Quickly Rumer discovers that it takes a community to raise a bilingual child. It turns out to be really useful to put your kid in a workshop or play group where other people speak that other language. Community means more than what Rumer illustrates, though: not only a means to reinforce fluency but constitutive of that end in the first place. Having a child speak Russian with the teacher and peers in a dance class is nice, but the reason for joining that dance class is a parent’s prior membership in that community.
Language is not an entrance ticket but the confirmation of already belonging. It may be due to the anti-immigrant mood of our time that Rumer feels defensive about the charge that bilingualism impedes kids’ learning. But to me, growing up bilingual looks like an obvious good by itself. As an added bonus, bilingualism fosters benefits prized in fashionable childrearing literature, like grit, resilience, and busy neural pathways. The ability to speak multiple languages appears easily superior to having just one.
Language learning deserves emphasis. But the book neglects history and politics as components of cultural transmission. Religion also figures into this project less substantially than one would expect. Sidelining these features is costly. Even when the past or politics are what drove immigrants to leave a place, or are what prevents their return, history can help immigrants’ children trace their paths.

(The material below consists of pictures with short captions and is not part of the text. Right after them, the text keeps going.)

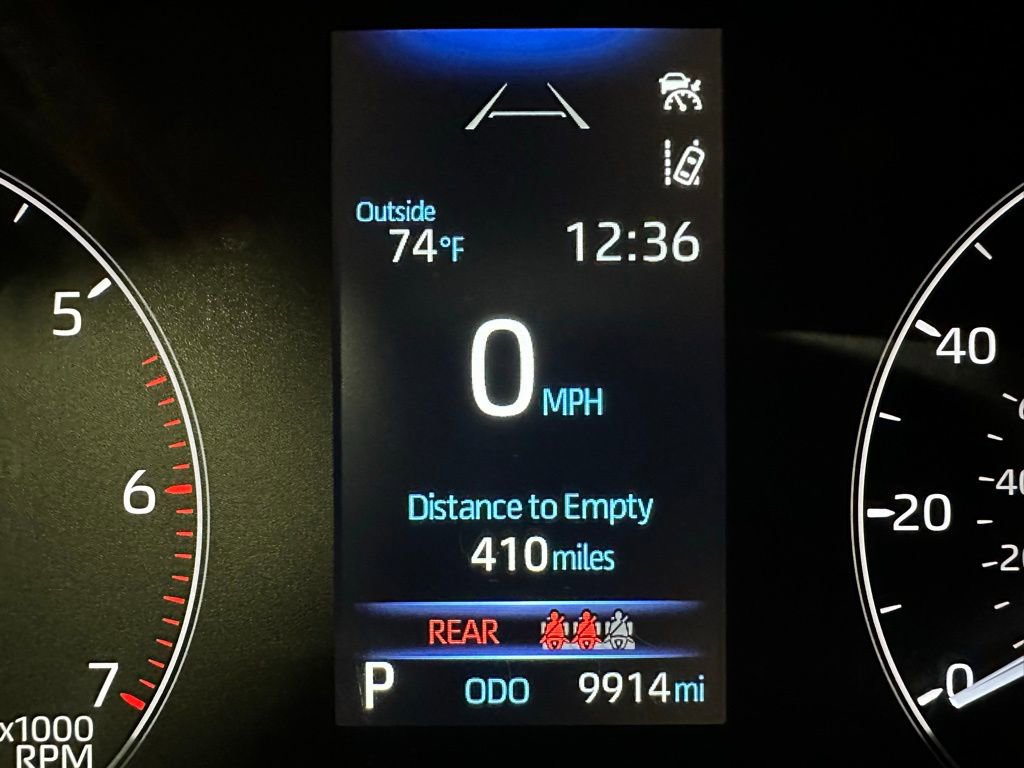Used 2025 Toyota Corolla SE FWD image 24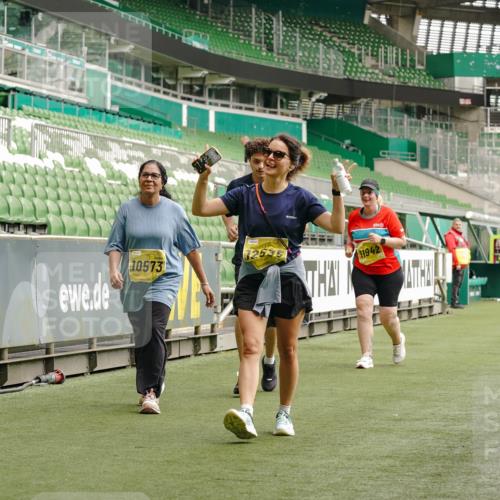 13.09.2026 - 21. swb-Marathon Bremen Michael Burmester http://msf.ph/oto/10427706 13.09.2026 10:52:15 Laufen im Stadion 10317, 10387, 10533, 10534, 10573, 10650, 10967, 10968, 11017, 11025, 11161, 11195, 11341, 11352, 11444, 11496, 11538, 11807, 12377, 12408, 12535, 12546, 10264, 10292, 10407, 10413, 10440, 10732, 10754, 10789, 10925, 11104, 11254, 11262, 11423, 11443, 11541, 11663, 11698, 11712, 11851, 11942, 11980, 12083, 12340, 12444, 12471, 12472, 12542, 12561 meine-sportfotos.de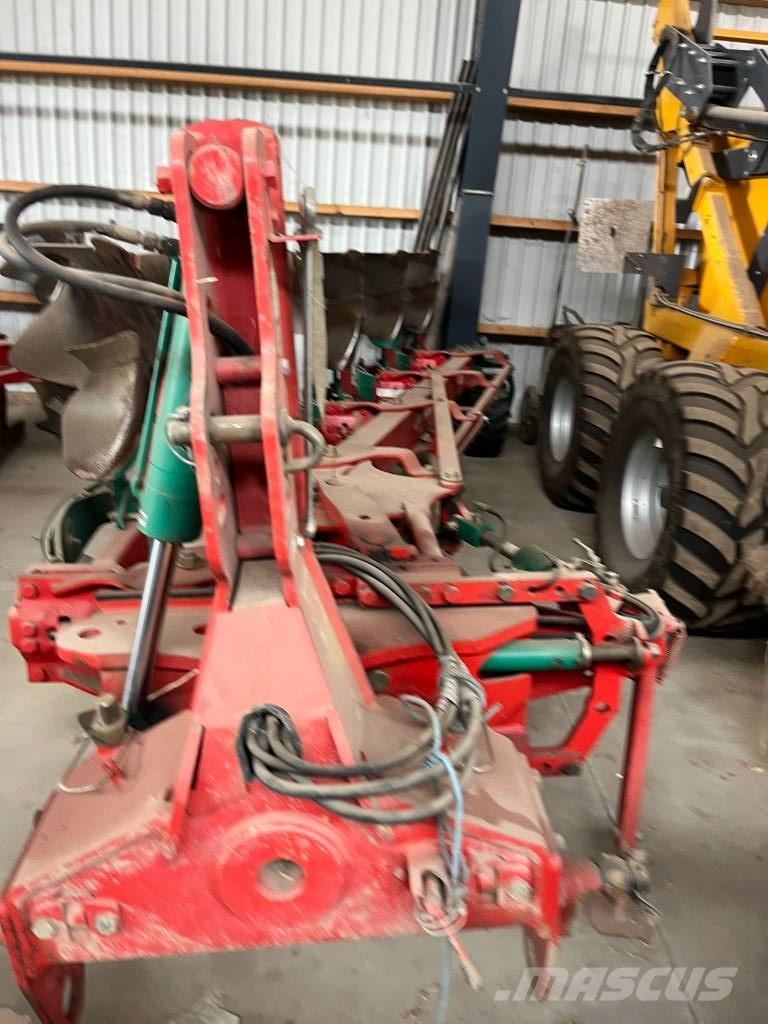 Kverneland EG 100 Charruas reversíveis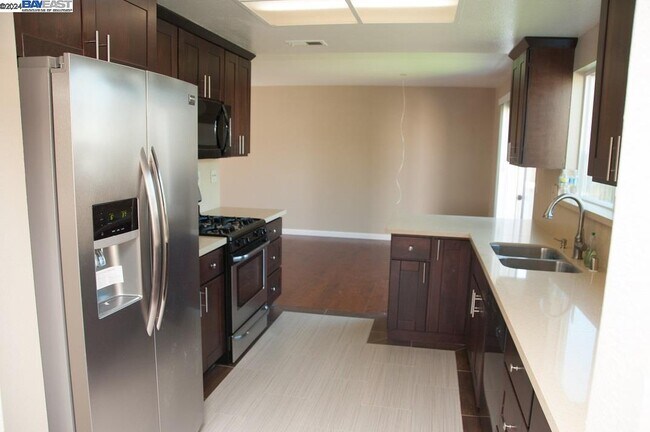 Building Photo - 4253 Othello Dr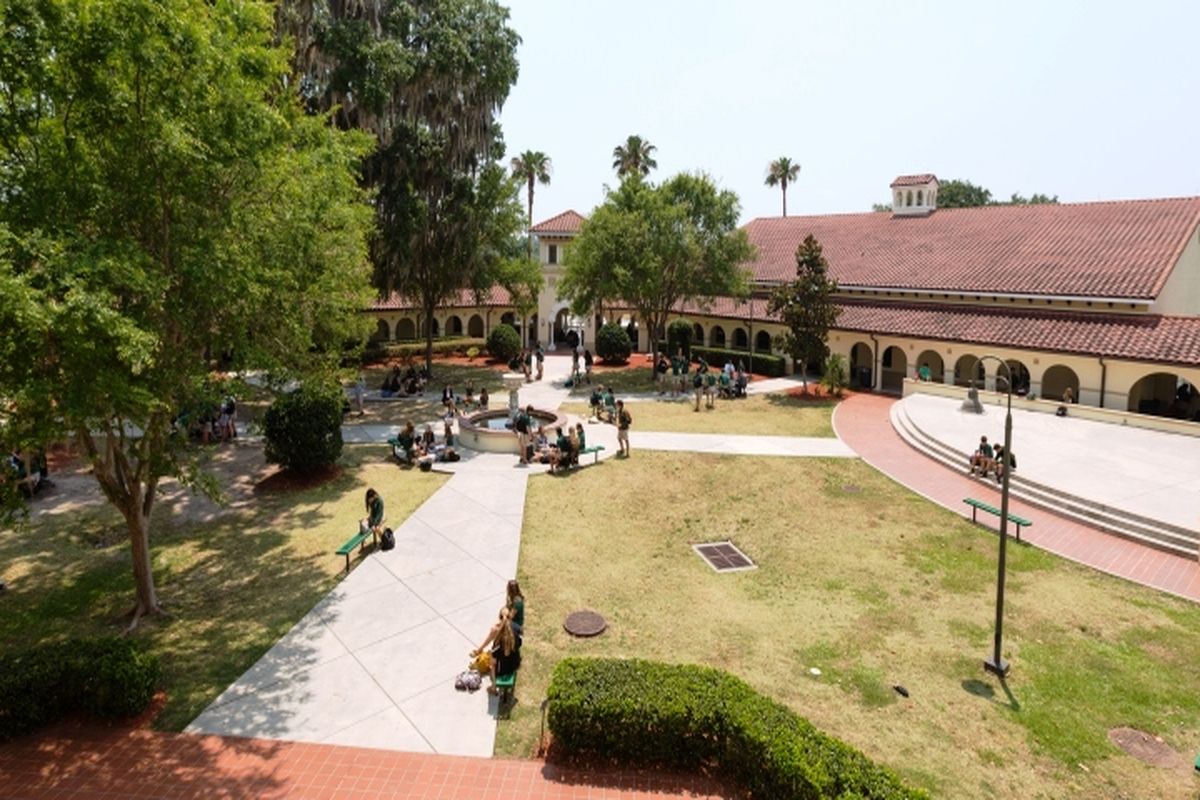 Een Highschool in het buitenland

And yet Rumer may have written this book a few years too soon. The writer and interviewees predominantly focus on early childhood. Early years are formative, but the big challenges, and perhaps the resultant wisdom I’d prize from immigrant parents, might be yet to come. Middle school could be the start of a wholly other journey to a strange new place.
Rumer hints at the depth of loss some immigrant parents suffer, a pang doubly deep, as they feel distant from their children’s experience by not just one remove but two: the gulf of knowing somewhere else as home and the rupture of departure and settling in as a stranger. In a lovely passage Rumer’s mind strays to memories she perceives “as intensively as if they’re still real,” from “overnight train rides to the Black Sea and the scent of blooming acacia and potatoes with dill” to “ice over the Gulf of Finland glimmering beneath my kicksled.” Not only will Rumer’s son and daughter not grow up with that scent or glimmer, they also will not experience what it cost her to consign these things to memory alone.
Immigrant or not, parents may want more than to transmit to their children the cultural treasures they inherited. They may want their children to know them. For immigrant parents this may mean wanting to teach their children an appreciation of the place and culture left behind. Ultimately, it is here that always-American parents have a lot in common with moms and dads who come from other places. To many American children, parents’ ways can seem weird and foreign. To many parents, their children seem to live in another world that bears little resemblance to the planet of their own youth. After all, the past is a foreign country. Immigrant parents at least have the advantage of being able to point to theirs on a map.
Agnes R. Howard teaches in Christ College, the honors college at Valparaiso University, and is author of Showing: What Pregnancy Tells Us about Being Human. She is a Contributing Editor for Current.